He goes to the party and plays a ‘Prisoner’s Dillema‘ of sorts with his Paneer tikka-munching Boss and the other Powerful man. Eventually he somehow manages to ensure that the guilty get their comeuppance. But this ‘victory’ is hollow. As his Boss asks him “Yeh hai tumhari Justice?”, he gives a reply which was there in the promos but sadly cut out from the film – “Justice Ka Sapna Maine Chhod Diya Hai”.

And this was probably my moment of the year which is not there in the film, but there in my memory, for a long time!

Fatema’s take

The cutaway from Dr. Ahmadi’s murder to the item song. It was a stroke of brilliance. Not only technically, but as a comment on our conscience in itself. Physically it’s a jolt, meant to unsettle us and shake us up. We’ve just witnessed a murder we’ve seen hundreds of times before but what we expect to come next is NOT an item song. And so we sit up and take notice. Besides, there is the juxtapositioning of the two warring factions of the film itself, one (the ‘good’) killed like a dog on the street and the other (the ‘bad’) celebrating his decadent power in all its ugliness. And then there is that tenuous mirror to our own conscience – what’s our rtn to this cutaway? Are we glad we are back into an indulgent song-n-dance setting and away from boring Dr Ahmadi? Or gratified by our own lust? Or guilty about feeling so? Or disgusted to watch such sharp contrasts unfolding in front of us? Or do we feel the cut is an over-sighted mistake? That the director doesn’t know what he is doing? The answer to this is a huge part of our response to the film and to think AND achieve something like this is no less than genius.
Beasts of the Southern Wild - 6—–> Shripriya Mahesh on Beasts Of The Southern Wild

The movie of the year for me was Beasts of the Southern Wild. I saw it in Sundance in January 2012 at it’s premier. I knew very little about the movie going in because the filmmakers were careful about not even putting out a trailer before the premier.

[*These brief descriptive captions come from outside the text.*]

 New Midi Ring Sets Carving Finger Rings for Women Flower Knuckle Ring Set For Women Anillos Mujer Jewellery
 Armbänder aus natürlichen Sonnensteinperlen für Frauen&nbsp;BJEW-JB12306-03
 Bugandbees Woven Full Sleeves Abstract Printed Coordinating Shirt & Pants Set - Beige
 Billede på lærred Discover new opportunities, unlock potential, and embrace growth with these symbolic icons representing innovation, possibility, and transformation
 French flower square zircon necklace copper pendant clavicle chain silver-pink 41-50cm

It was instantly captivating. I love the world Benh Zeitlin creates. It is constantly surprising, always engaging. All the actors are local and that lends significant authenticity to the world (bigwig directors would do well to take note). It tackles such powerful themes, but all from the perspective of the little girl, Hushpuppy, played to perfection by the adorable Quevenzhané Wallis.

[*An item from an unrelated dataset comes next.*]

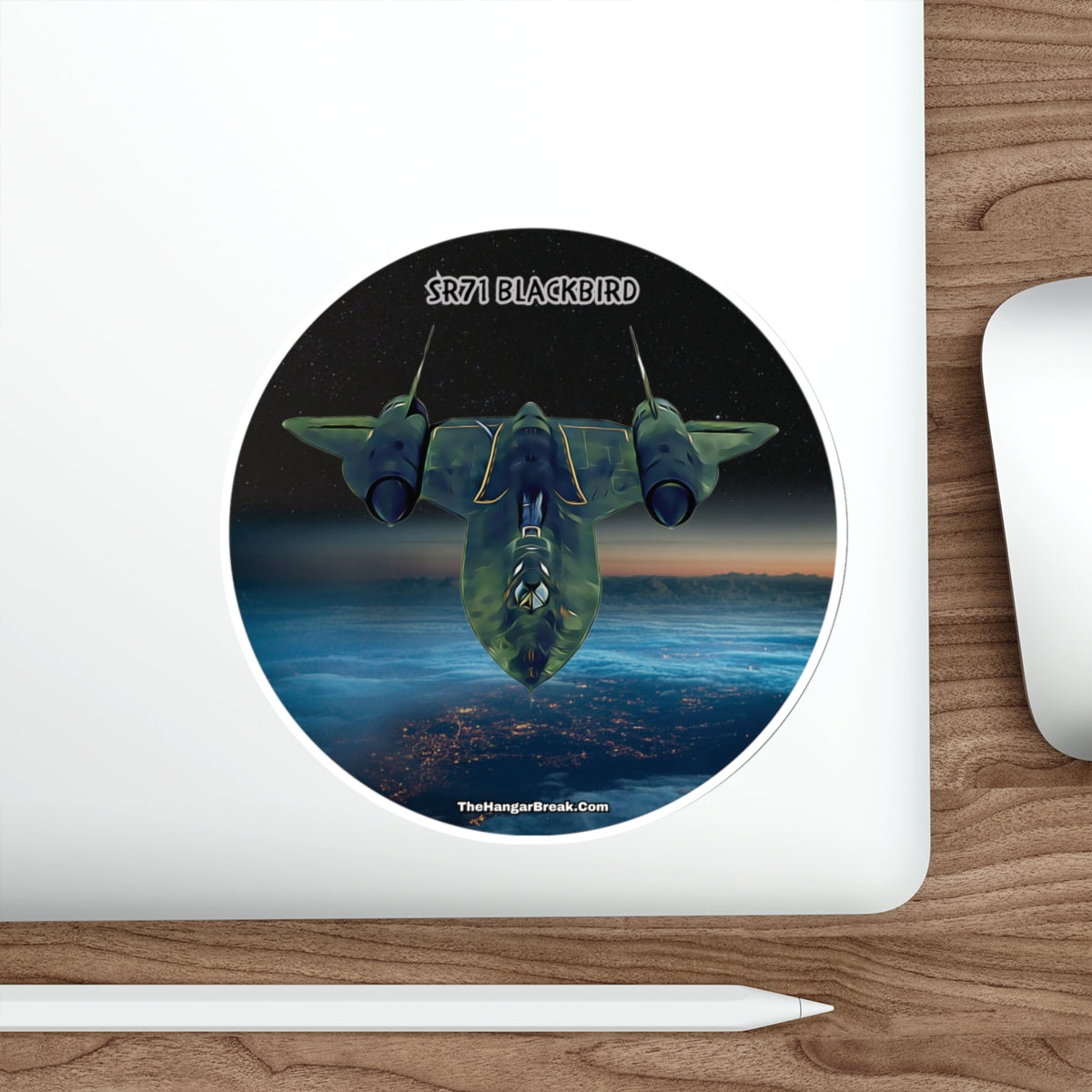 SR71 Blackbird, Round Water Bottle Sticker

There are no long speeches about government control, environmental disasters or about the right to live freely in a manner you choose. No sermonizing. The visuals speak and the magical realism is very nicely done. The music (also composed by Zeitlin) and the the production design really elevate this movie.

And it’s a debut feature. It won the Camera d’Or and Sundance.

Since the film’s theatrical release, there has been a fair share of haters. But for me, it just worked. Eleven months later, I still think about it.

ScreenShotAlma
—–>Mihir Desai on Fjögur Píanó

There are times when I can’t put things in words, I feel the need to express and communicate in visuals. Visuals stick with me and this year one such visual experiment has been playing in my head for the longest time. Directed by Alma Har’el, the Sigur Rós music video, Fjögur Píanó.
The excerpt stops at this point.